Style in Political Speeches: "Anaphora"
Dr. King's "I have a dream..." or Winston Churchill's "We shall fight them..." are both examples of the use of "anaphora." Anaphora occurs when you begin each of a sequence of paragraphs, sentences, clauses, or phrases with the same word or words. Anaphora is to speaking what bullet points are to writing.The speeches at the national conventions give many examples of the use of anaphora.
Barack Obama: America, we cannot turn back. Not with so much work to be done. Not with so many children to educate, and so many veterans to care for. Not with an economy to fix and cities to rebuild and farms to save. Not with so many families to protect and so many lives to mend.
Hillary Clinton: No way. No how. No McCain.
Hillary Clinton: I will always remember the single mom .../ I will always remember the young man .../ I will always remember the young boy .../ I will always be grateful to everyone ...
Hillary Clinton did violate the rule to replace bullet points by anaphora in her speech: "But we don't need four more years of the last eight years./ More economic stagnation.../ More high gas prices.../ More jobs getting shipped overseas..." and on for several more. I'll bet in her script these had bullet points. In the CNN transcript, they were translated into paragraphs of sentence fragments.
John McCain: ... I understand who I work for. I don't work for a party. I don't work for a special interest. I don't work for myself. I work for you.

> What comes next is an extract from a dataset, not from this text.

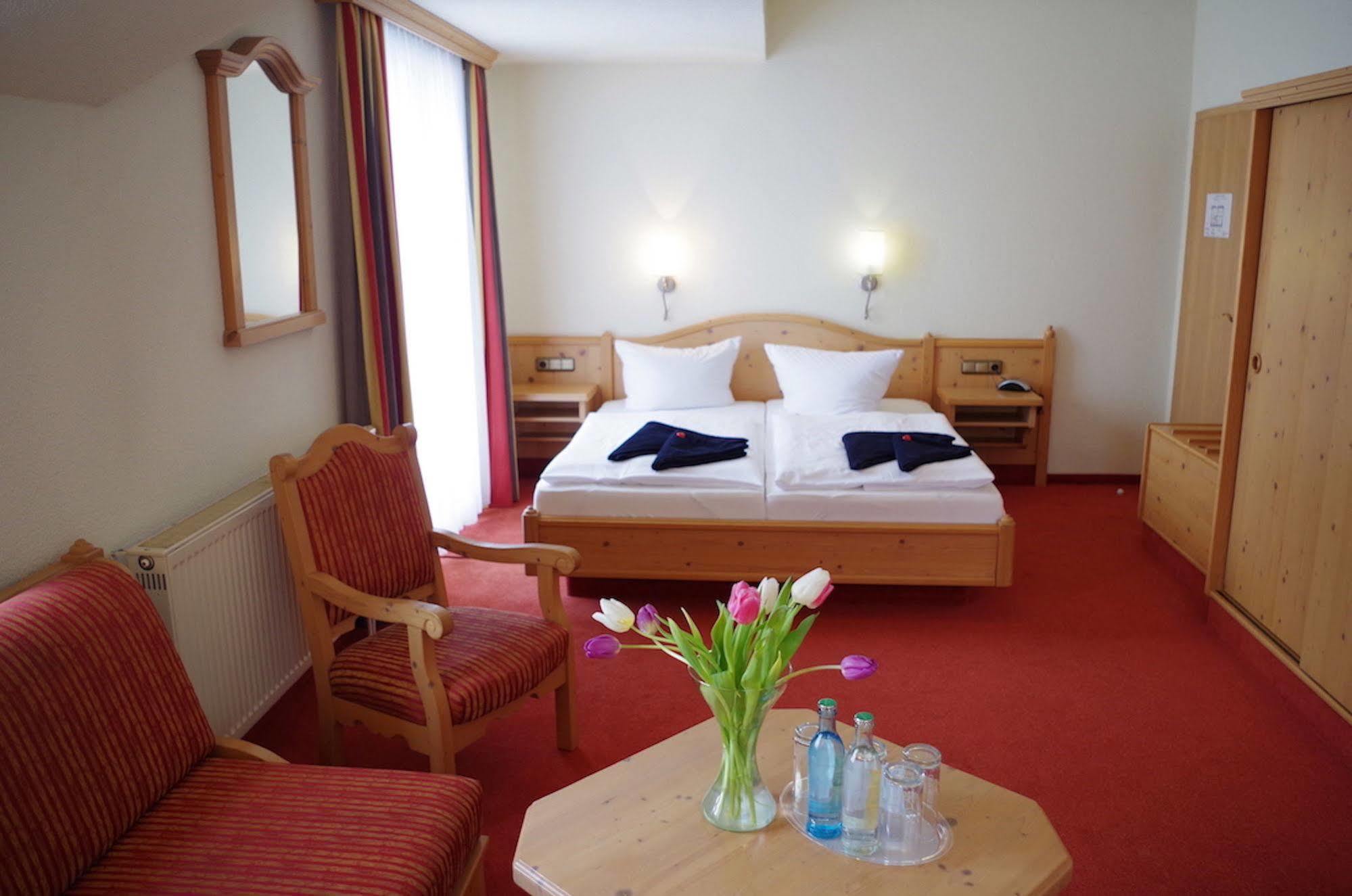 Hotel Alttolkewitzer Hof Dresde Exterior foto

John McCain: I know how the military works,.../ I know how to work with leaders.../ I know how to secure the peace.
John McCain: I fell in love with my country when I was a prisoner in someone else's. I loved it not just for the many comforts of life here. I loved it for its decency, .../ I loved it because it was not just a place, but an idea,...
Try adding anaphora to your own speeches. It is easy and powerful.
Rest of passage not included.